WASHINGTON—The first week of the annual U.N. climate talks taking place in Glasgow, Scotland are slated to conclude today. Below is a statement by Dr. Rachel Cleetus, policy director and lead economist in the Climate and Energy Program at the Union of Concerned Scientists (UCS), offering an update on the progress made at COP26 so far and a look forward to the work that will need to take place next week to ensure the talks are a success. Dr. Cleetus has attended the U.N.’s international climate talks and partnered with the international community on climate and energy policies for more than 14 years.
“While the first week of the U.N. climate talks in Glasgow featured announcements of some important global climate initiatives, not nearly enough progress has been made on the core issues: enhancing ambition on emission reduction pledges, growing climate finance commitments, and addressing loss and damage in a meaningful way. Nations have significant work to do in the second week of COP26 to lay the groundwork for closing the ambition gap quickly so that global climate goals remain within reach in this consequential decade.
“The World Leaders Summit included fiery and sobering speeches, including a powerful plea from Kenyan youth activist Elizabeth Wathuti, who urged leaders to open their hearts and act. Leaders, including U.S. President Joe Biden, spoke clearly to the urgency of the science and the many benefits of embracing a clean energy future.
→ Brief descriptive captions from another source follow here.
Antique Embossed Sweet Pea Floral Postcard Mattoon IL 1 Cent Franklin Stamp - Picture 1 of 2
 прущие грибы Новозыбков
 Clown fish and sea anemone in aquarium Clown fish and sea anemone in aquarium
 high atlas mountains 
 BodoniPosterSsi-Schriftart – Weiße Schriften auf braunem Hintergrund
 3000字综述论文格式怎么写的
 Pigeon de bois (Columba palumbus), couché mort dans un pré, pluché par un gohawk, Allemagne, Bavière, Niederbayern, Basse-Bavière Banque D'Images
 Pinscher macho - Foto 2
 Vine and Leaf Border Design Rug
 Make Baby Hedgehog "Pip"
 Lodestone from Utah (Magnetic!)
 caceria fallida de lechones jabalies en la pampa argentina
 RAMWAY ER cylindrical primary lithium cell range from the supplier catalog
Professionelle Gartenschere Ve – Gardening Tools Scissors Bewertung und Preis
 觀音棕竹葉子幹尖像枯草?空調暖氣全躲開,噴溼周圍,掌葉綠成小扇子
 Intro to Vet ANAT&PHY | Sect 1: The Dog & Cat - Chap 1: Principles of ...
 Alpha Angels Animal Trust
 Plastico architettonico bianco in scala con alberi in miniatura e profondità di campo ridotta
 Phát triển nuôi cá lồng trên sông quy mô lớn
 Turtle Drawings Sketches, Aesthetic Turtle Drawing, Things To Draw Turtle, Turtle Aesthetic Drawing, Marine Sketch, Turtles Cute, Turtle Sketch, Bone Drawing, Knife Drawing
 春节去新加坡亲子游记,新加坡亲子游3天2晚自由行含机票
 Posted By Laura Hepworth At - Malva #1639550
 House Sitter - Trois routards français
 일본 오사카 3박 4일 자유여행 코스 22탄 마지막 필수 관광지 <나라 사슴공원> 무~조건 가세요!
Yet domestic political uncertainties and the sway of the fossil fuel industry loomed large in the background.
“During week one of the U.N. climate talks, a flurry of initiatives were announced, including an effort to curtail highly potent methane emissions, stop global deforestation by 2030, and a private sector initiative aiming to catalyze more than $100 trillion over the next three decades to reach net-zero carbon emissions. Dozens of countries, including the United States, also pledged to stop overseas public financing for unabated fossil fuel energy by the end of 2022 and shift funding to clean energy instead. And more than 40 nations committed to phasing out coal, though major emitters including the United States, China, India and Australia were conspicuously absent from this pledge.
“The bottom line remains that nations’ commitments to reduce heat-trapping emissions continue to fall short of what science shows is necessary, even as devastating climate impacts unfold around the world. Climate finance pledges to help developing countries also remain woefully insufficient. In the week ahead, negotiators must race to address these gaps, while also delivering a completed and robust rulebook to implement the Paris Agreement. Loss and damage, which refers to those climate impacts so extreme they cannot be addressed through adaptation measures, must be treated as an ongoing priority issue at the COP. The operational launch of the Santiago network for loss and damage, aimed at delivering much-needed technical assistance for climate vulnerable developing countries, is vital this year.
“As the U.N. climate talks continue, the ongoing climate-related drought and famine in Madagascar—with more than one million people including young children at risk of malnutrition and starvation—epitomizes the unjust and urgent nature of the climate crisis, which is manifesting globally. The scientific and moral imperative to act boldly could not be clearer. The time for incrementalism is over. Pushing past business-as-usual politics is the need of the hour, and that must be at the top of the agenda for policymakers in the final week of the Glasgow climate talks.”